▸ Exercise description
Take the material below and reproduce, word for word, only the lines from the line with "Auto, Acura, Cars, Asphalt, Wall, Side" through the line with "Saint Peter's, apse, exterior".

▸ Data
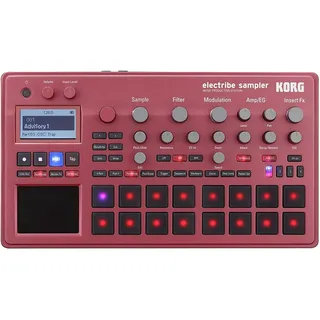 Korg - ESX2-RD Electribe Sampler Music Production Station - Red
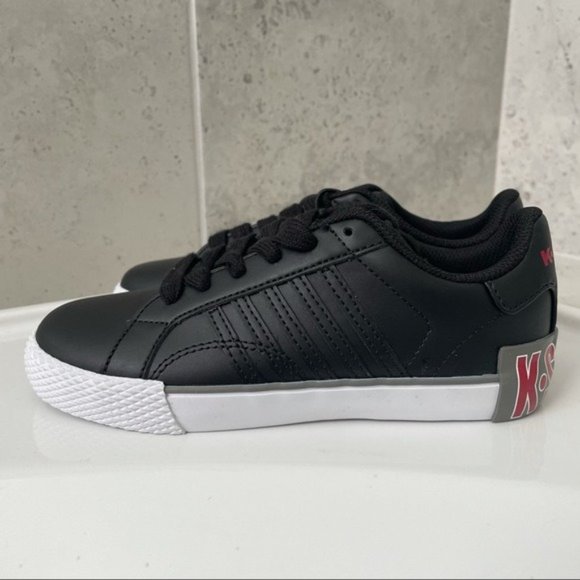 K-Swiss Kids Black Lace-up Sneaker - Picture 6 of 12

==

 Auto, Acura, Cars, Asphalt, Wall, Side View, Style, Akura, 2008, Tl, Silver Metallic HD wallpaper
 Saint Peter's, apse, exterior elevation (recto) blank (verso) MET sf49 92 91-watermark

▸ Solution for this problem
 Auto, Acura, Cars, Asphalt, Wall, Side View, Style, Akura, 2008, Tl, Silver Metallic HD wallpaper
 Saint Peter's, apse, exterior elevation (recto) blank (verso) MET sf49 92 91-watermark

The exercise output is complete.